Just as we expect the sun to come up tomorrow, or for there to be no one approaching us head-on in our lane when we round a hairpin turn, or that when we toss something up, it will come down, we come to expect certain things from brands.

It’s just like the law of physics. For example, we come to expect certain things from Apple, namely innovative products and cool, user-friendly designs; and from Starbucks, such as trendy coffee selections and great customer experiences. Our expectations of these brands become rooted in our consciousness.

So what happens when a brand that delivers consistently on its promise, fails to deliver?

This past week, most of us—whether we are diehard fans, or just casual observers—got a front row seat courtesy of one of the NFL’s most successful franchises.


No, I’m not talking about my hapless Oakland Raiders, who remain “near and dear” despite failing to make the playoffs since 2002, and barely making it out of their division’s cellar for most of those years. For Oakland, their performance over the past decade plus, ever since Rich Gannon was named MVP in 2002, has pretty much cemented fan expectations of mediocrity: anything above a .500 season would be considered a rousing success . . . and any finish above fourth place would represent real progress.

The brand I’m talking about is the New England Patriots, arguably the most successful NFL franchise of the past decade.

Since 2001, the Patriots have not had a losing record (their average win/loss record during this span has been 12-4), they have not finished below second place in their division, and, oh by the way, they’ve been to the Super Bowl five times, winning it on three occasions. Did I mention their 16-0 record in the 2007 season?

Success like that and the ability to deliver it consistently is bound to create certain expectations among Patriots’ fans, and it’s the same story for customers (or “fans”) of any brand. You come to expect certain behaviors or attributes or outcomes related to the brand—in this case, we know it as the “Patriot Way”—and when those expectations are not met, the seeds of dissatisfaction are sewn.

So it was no surprise after New England’s 41-14 drubbing at the hands of the Kansas City Chiefs, which came on the heels of an uninspiring victory the week before over (ironically) the Oakland Raiders, that New England fans began to wonder, “What’s wrong with the Patriots?” And it wasn’t just diehard fans that were affected.

I don’t think I’m overstating it when I say the effects of New England’s out-of-character/off-brand performance were felt far and wide beyond NFL fandom. As though the sky was falling, from coast-to-coast, every sports segment, whether online, on TV, on the radio, or in print, ran some sort of story on New England’s sub-par performance. Unless you were living under a rock, you could not escape it.

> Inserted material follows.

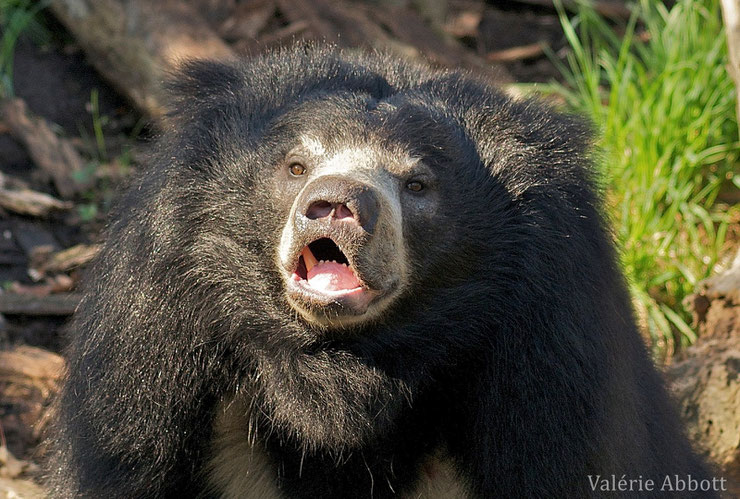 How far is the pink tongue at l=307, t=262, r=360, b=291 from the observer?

  • New England’s Hall-of Fame bound quarterback came under fire: “Is Tom Brady too old?” “Is he washed up?” “Is he unhappy in New England?”
  • Was ownership nickel and diming payroll so much that it had weakened the team, especially the offensive line, to the point where it could no longer compete?
  • Was the “Patriot Way” finally over? Had it all been a big sham?
  • Even the wisdom of Bill Belichick, one of the NFL’s winningest and longest tenured coaches, was questioned.

With an impressive 43-17 takedown this week of the previously undefeated Cincinnati Bengals, the Patriots seem to have found their way again. At least for this week, they met customer expectations—they delivered on their brand promise—and all seems right with the world (as for my Oakland Raiders, they were off last week, so no harm no foul).

Tom Snyder: Defining Brand – Expectations of a Customer Experience

What messages does your brand send to your customers and prospects?

  • Do you meet or exceed expectations consistently and without fail?
  • Is your product or service consistently of high quality?
  • Is it delivered on-time, every time?
  • Is pricing in line with customer expectations?
  • Can customers find you/your product easily and conveniently?
  • Do you offer customer service second-to-none?

These past few weeks we caught a glimpse of what happens when a great brand fails to deliver. For more than a decade, the New England Patriots have demonstrated a high standard of success and consistent performance. But when that success faltered—just for a few weeks—the brand suffered. The lesson learned is that no brand is too big to fail: with high expectations, comes great responsibility for a brand to deliver.

For parts of the 1970s, 1980s, 1990s, and right up until 2002, Oakland had a string of success nearly as great as New England’s current run. Every year during that span, the Raiders were one of the top teams to watch, while New England’s performance was more akin to the Raiders of today. It just goes to show that a brand’s story is never cast in stone. Branding work is never done. To stay at the top, requires constant reinforcement and an unfailing determination to deliver on your brand’s promise.